- **DIRECTIONS FOR THIS TASK**: Using the listing below, output only the lines from the one that contains "Maison 3 ch." through the one that contains "ราคา รองเท้า Nike", inclusive, exactly as given and without images.

- **SOURCE MATERIAL**:
····················

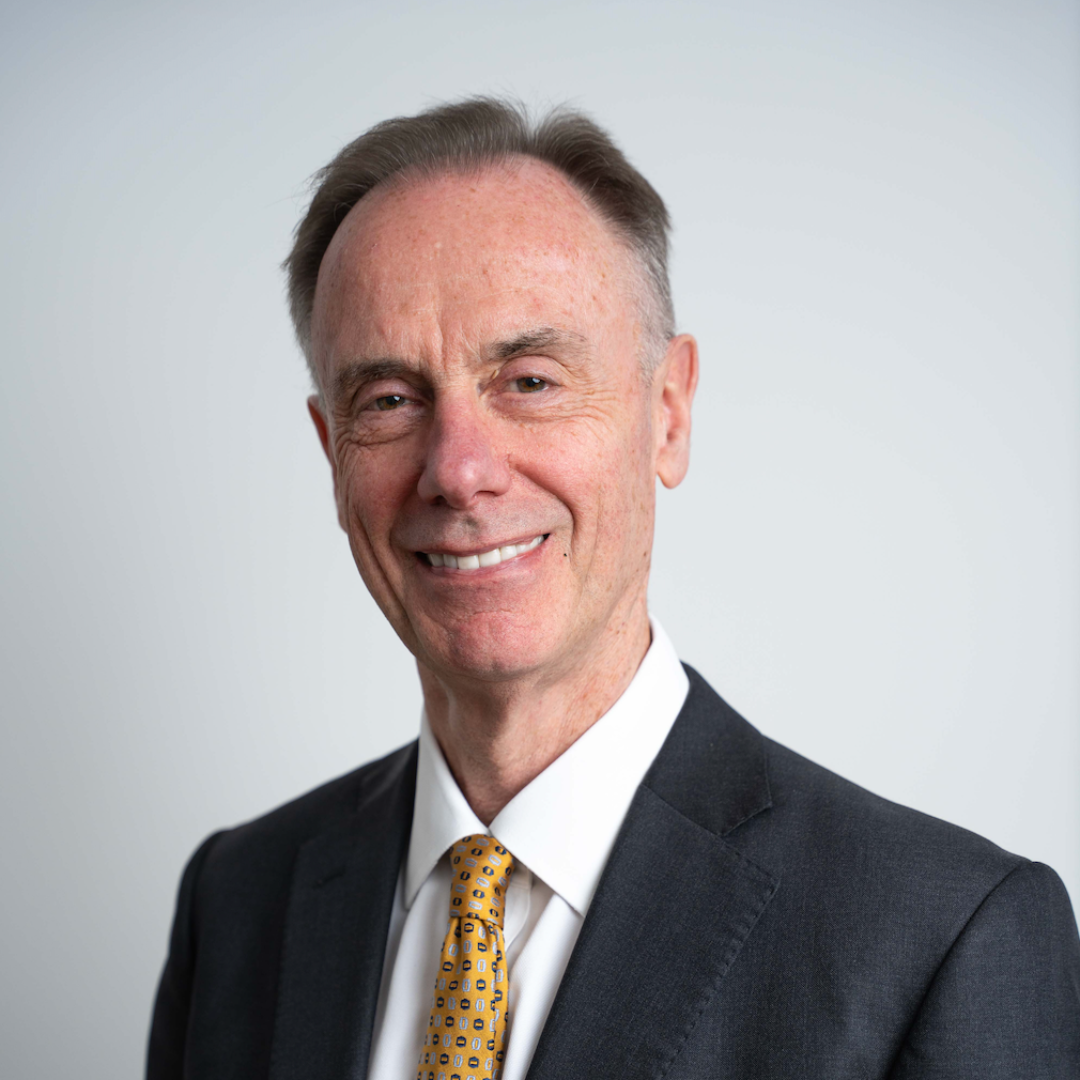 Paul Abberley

····················

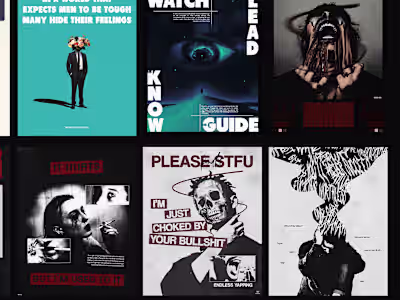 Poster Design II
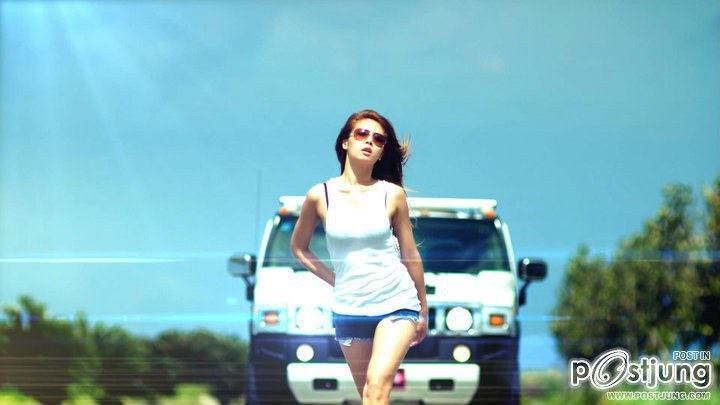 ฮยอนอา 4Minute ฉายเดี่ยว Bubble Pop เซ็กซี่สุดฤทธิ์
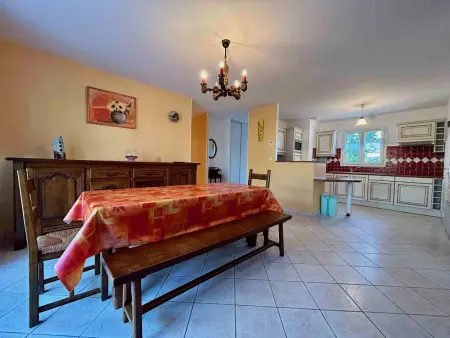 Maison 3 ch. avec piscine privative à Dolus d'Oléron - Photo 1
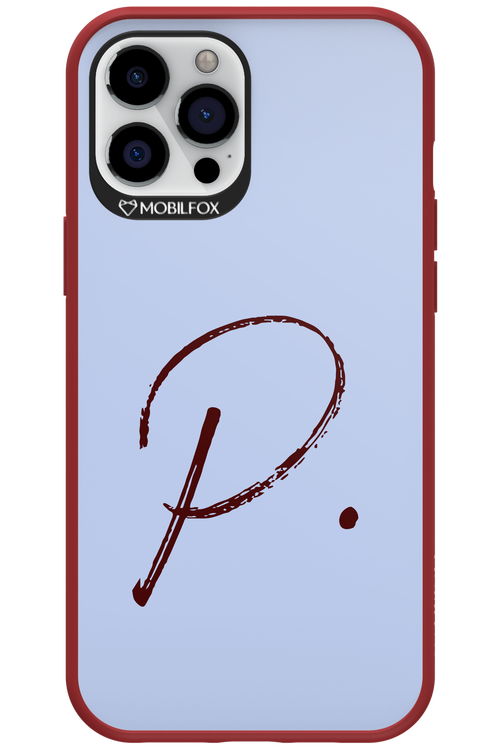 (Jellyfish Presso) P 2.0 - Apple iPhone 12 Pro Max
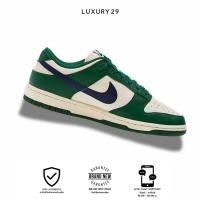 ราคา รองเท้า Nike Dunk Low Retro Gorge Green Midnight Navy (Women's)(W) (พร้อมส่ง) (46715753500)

····················

- **EXERCISE RESULT**:
 Maison 3 ch. avec piscine privative à Dolus d'Oléron - Photo 1
 (Jellyfish Presso) P 2.0 - Apple iPhone 12 Pro Max
 ราคา รองเท้า Nike Dunk Low Retro Gorge Green Midnight Navy (Women's)(W) (พร้อมส่ง) (46715753500)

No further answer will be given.